— PROVIDED ENTRIES —
============

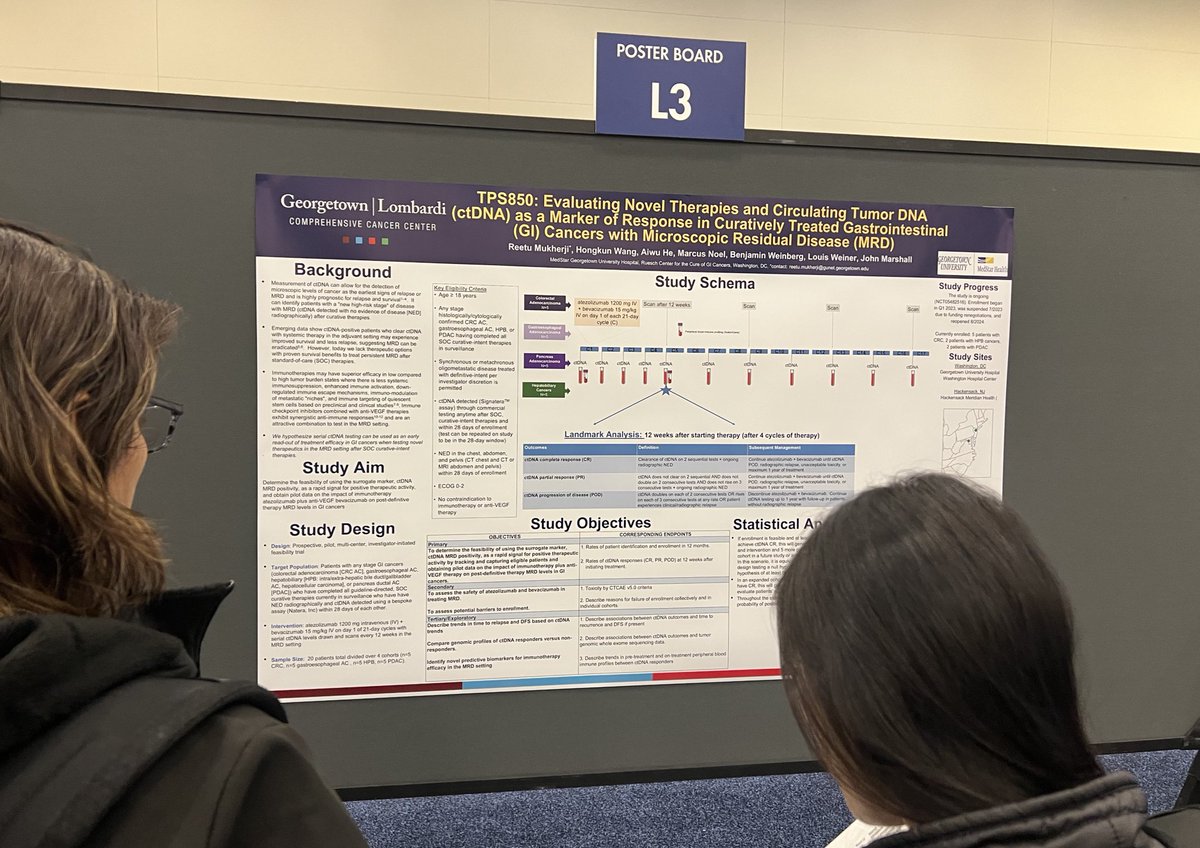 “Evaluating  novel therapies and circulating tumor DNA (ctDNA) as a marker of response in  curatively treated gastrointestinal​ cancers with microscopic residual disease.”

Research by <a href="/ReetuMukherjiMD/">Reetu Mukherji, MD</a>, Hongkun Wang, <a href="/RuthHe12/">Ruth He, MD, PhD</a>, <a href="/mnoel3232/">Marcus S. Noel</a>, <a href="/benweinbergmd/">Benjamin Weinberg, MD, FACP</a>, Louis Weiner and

============

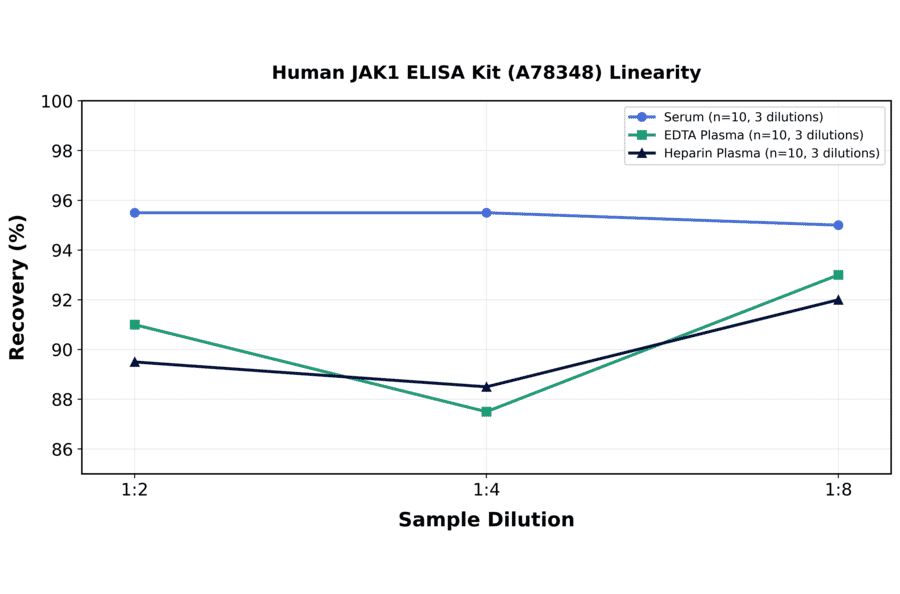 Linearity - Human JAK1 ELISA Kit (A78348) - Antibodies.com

============

Although pictures appear among the entries, please set down only the lines from the one with "novel therapies and" up to and including the one with "Research by <a", word for word.

 “Evaluating  novel therapies and circulating tumor DNA (ctDNA) as a marker of response in  curatively treated gastrointestinal​ cancers with microscopic residual disease.”

Research by <a href="/ReetuMukherjiMD/">Reetu Mukherji, MD</a>, Hongkun Wang, <a href="/RuthHe12/">Ruth He, MD, PhD</a>, <a href="/mnoel3232/">Marcus S. Noel</a>, <a href="/benweinbergmd/">Benjamin Weinberg, MD, FACP</a>, Louis Weiner and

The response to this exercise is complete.